Adding and Retrieving metadata in RMarkdown Documents

Include abitrary metadata in RMarkdown documents
R
RMarkdown
Author

Harvey

Published

May 31, 2022

Metadata can be included in the yaml header of an RMarkdown document. The yaml can store metadata in the params parameter or as individual yaml parameters. For example, the RMarkdown file below adds some metadata parameters to the header: short_title, reference and meta_list. The rmarkdown function rmarkdown::metadata can be used to access the yaml parameters.

---
title: "document title"
author: "author name"
short_title: "short"
reference: 1
output: "html_document"
params:
    name: "my name"
meta_list:
    meta: "meta 1"
---

test doc

`r rmarkdown::metadata$short_title`

`r params$name`

`r rmarkdown::metadata$meta_list$meta`

In addition, the parameters can be accessed using the rmarkdown::yaml_front_matter() function.
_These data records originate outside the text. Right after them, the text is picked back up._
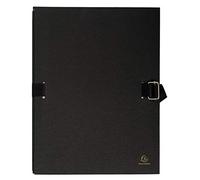 Exacompta - Ref 223265E - Expandable Canvas Folder - Suitable for Storing & Transporting A4 Documents, Expandable to Hold Additional Documents, Strap Closure - Black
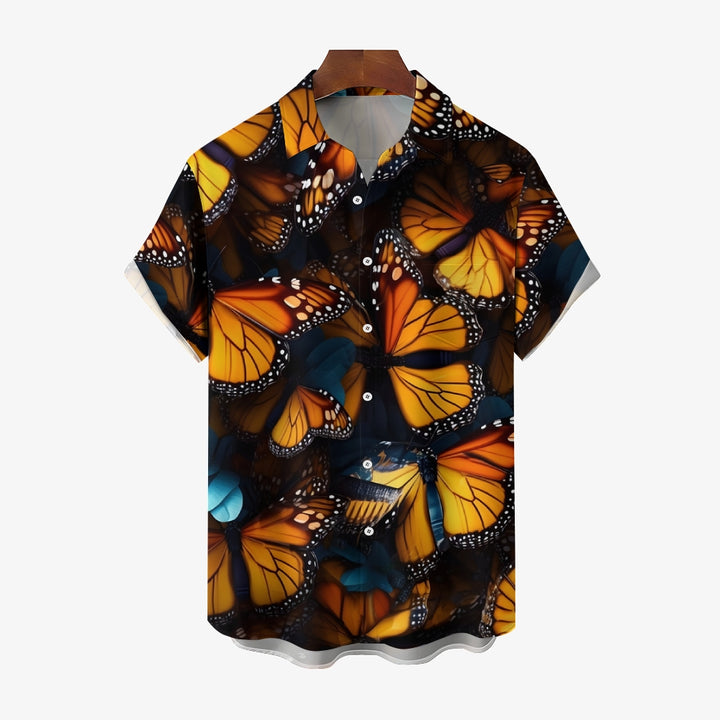 Vintage Butterfly Print Chest Pocket Short Sleeve Shirt 2411005934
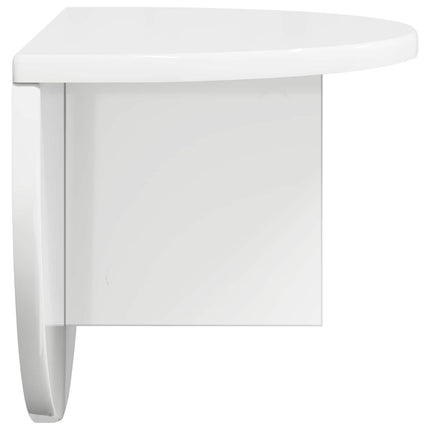 Vägg hylla Högblanka vita 48 x 24 x 24 cm Konstruerat trä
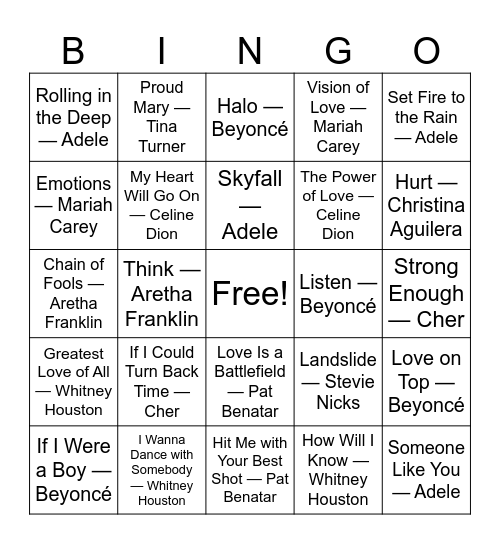 Divas, Drama, & Power Vocals Bingo Card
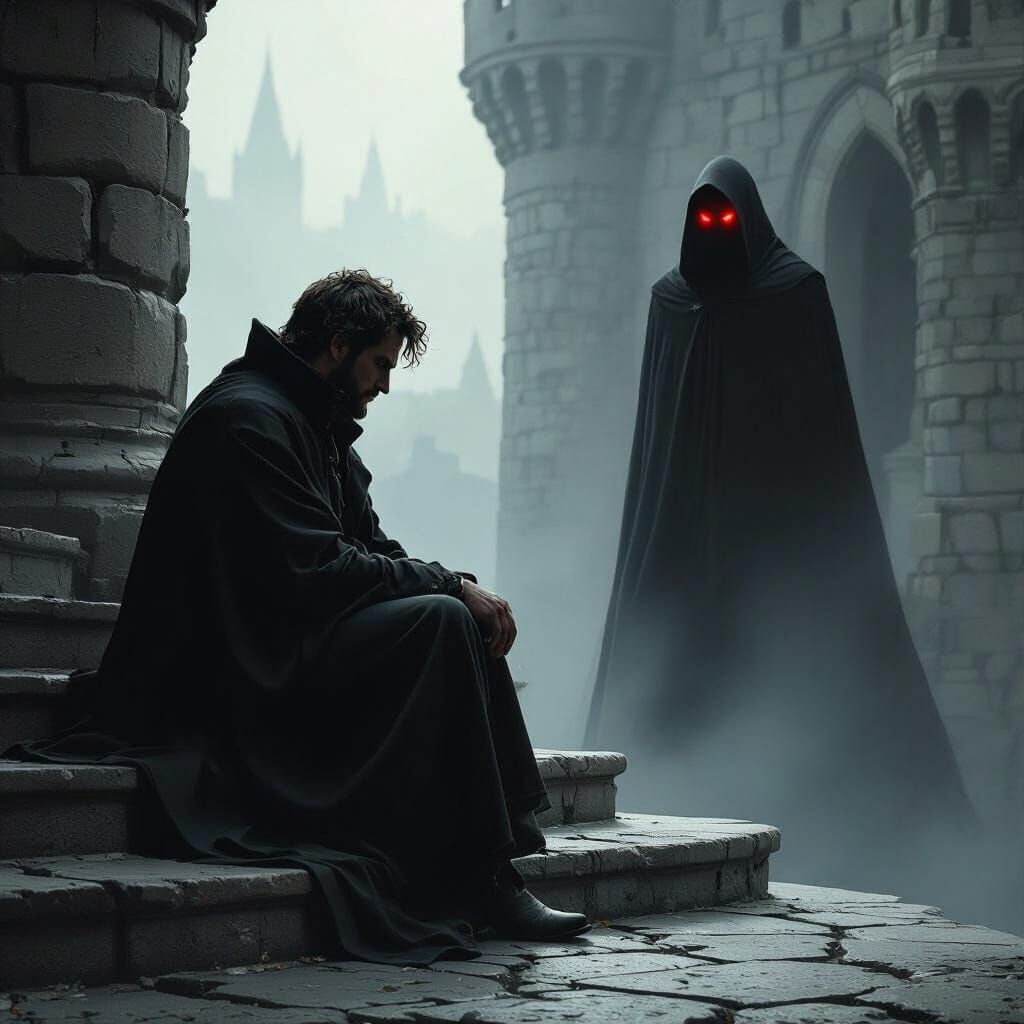 Mysterious Encounter on Castle Steps: Gothic Horror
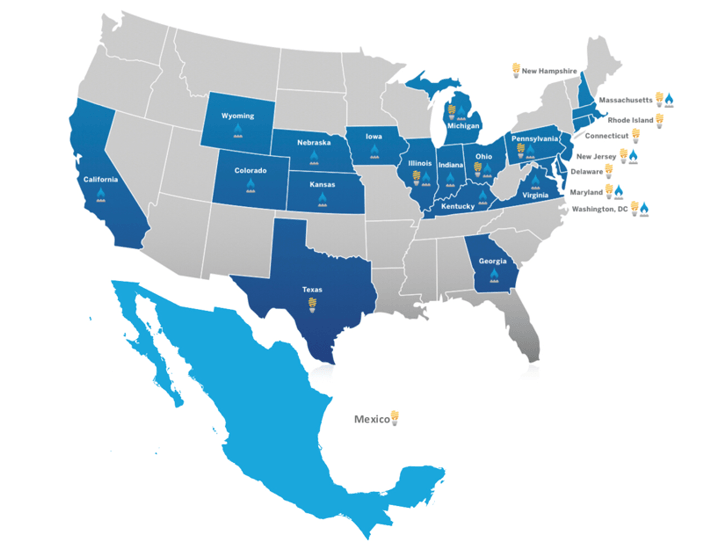 Areas We Serve - Texas, Ohio, Mexico, New Hampshire, Massachusetts, Rhode Island, Connecticut, New Jersey, Delaware, California, Maryland, Washington, DC, Virginia, Pennsylvania, Indiana,, Illinois, Michigan, Georgia, Iowa, Nebraska, Kansas, Wyoming, Colorado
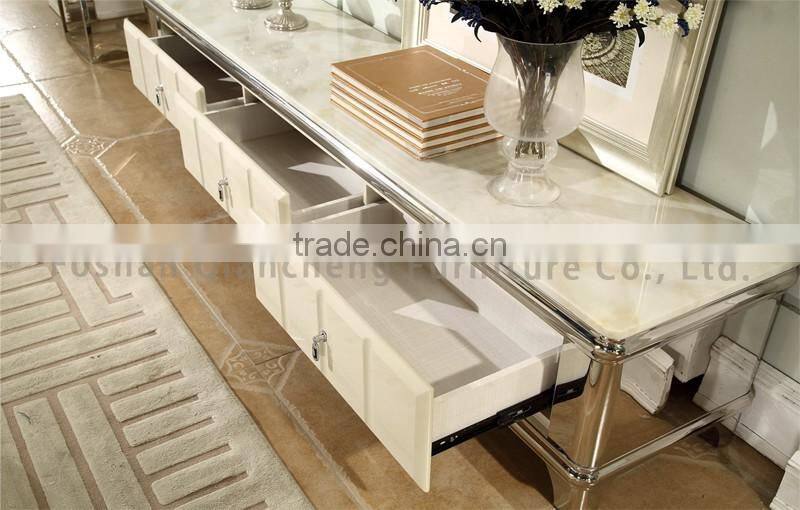 simple design tv stand free standing with MDF top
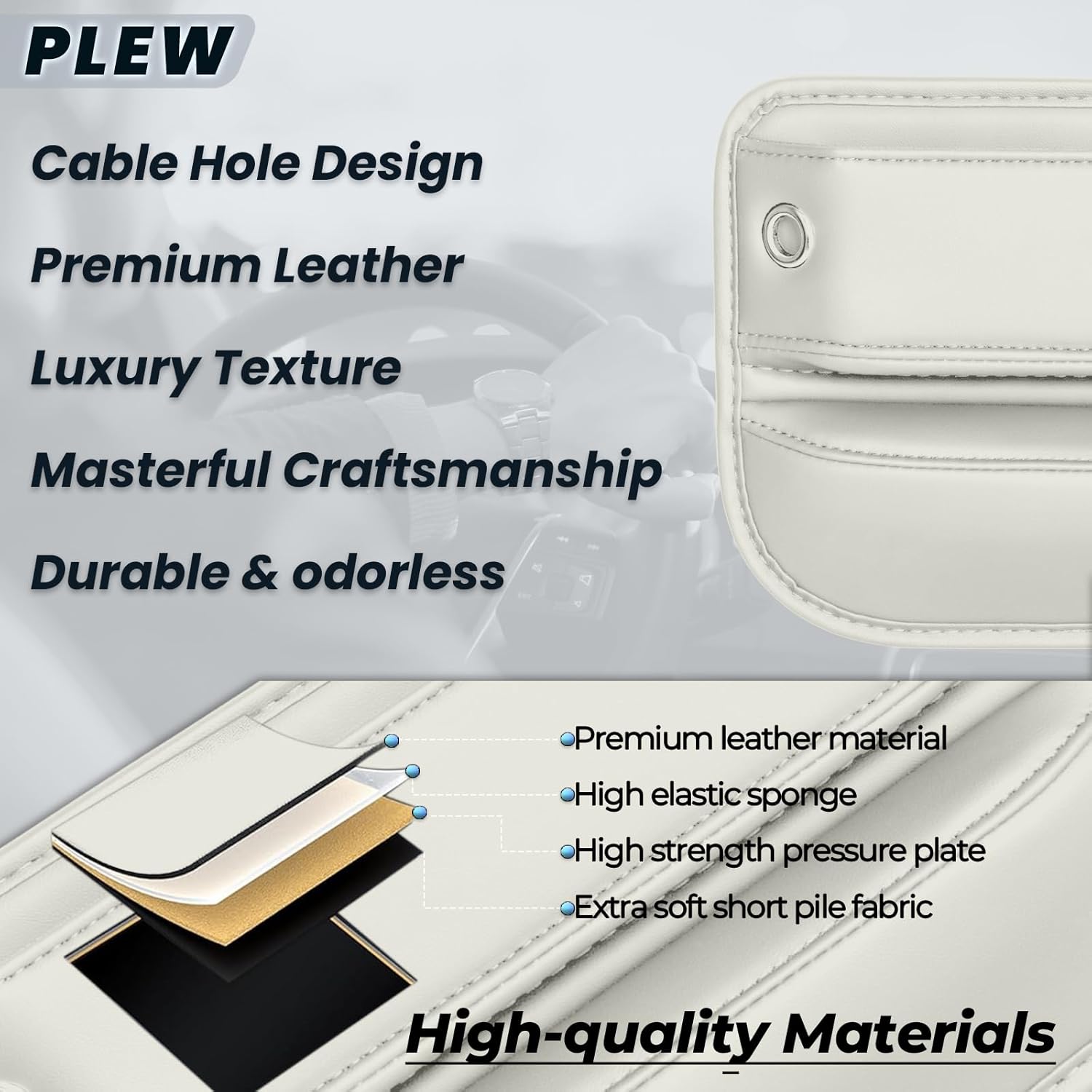 2-Pack Car Seat Gap Filler Organizer - Upgraded Anti-Slip Strap Design - Premium Leather Side Console Pocket - Prevent Phone Falling - Universal Fit Car Essentials for SUV, Truck & Sedan,Beige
rmarkdown::yaml_front_matter("document.Rmd")
$title
[1] "document title"

$author
[1] "author name"

$short_title
[1] "short"

$reference
[1] 1

$output
[1] "html_document"

$params
$params$name
[1] "my name"


$meta_list
$meta_list$meta
[1] "meta 1"

Searching metadata

Once metadata are added to a series of documents, the metadata become searchable using the yaml_front_matter function. By way of example, the functions below build and then search 1000 documents containing dummy data. The time taken to search through 1000 documents on a 4-core laptop was 920 ms.

## create Rmd with yaml
create_rmd <- function(ref, name, folder) {

  x <- glue::glue("
---
title: {name}
author: Harvey
short_title: {stringi::stri_rand_strings(1, 20)}
reference: {ref}
output: html_document
params:
    name: {name}
meta_list:
    meta: {ref}
    text: {stringi::stri_rand_strings(1, 20)}
---

### {name}

reference: `r rmarkdown::metadata$reference`

{paste0(stringi::stri_rand_lipsum(5), collapse = '\n\n')}

"
  )

  ## write Rmd file
  con <- file(file.path("./docs", paste0("file_", name, ".Rmd")))
  writeLines(x, con)
  close(con)
}

## build a random set of documents
build_docs <- function(n=10, folder) {
  for (i in seq(n)) {
    create_rmd(ref=i, name=paste("Document", i), folder=folder)
  }
}

## search documents and return matches
search_docs <- function(parameter, search_string, folder) {
  files <- list.files(folder, pattern = "*.Rmd", full.names = TRUE, recursive = TRUE)
  found <- c()
  for (f in files) {
    front_matter <- rmarkdown::yaml_front_matter(f)
    if (grepl(search_string, front_matter[[parameter]])) found <- append(found, f)
  }
  return(found)
}


## create files
build_docs(n=1000, folder="./docs")

## search files
microbenchmark::microbenchmark(
  match_docs <- search_docs(parameter = "short_title",
                            search_string = "ae",
                            folder = "./docs/"),
  times = 5)

When run, the search identified 5 documents that matched.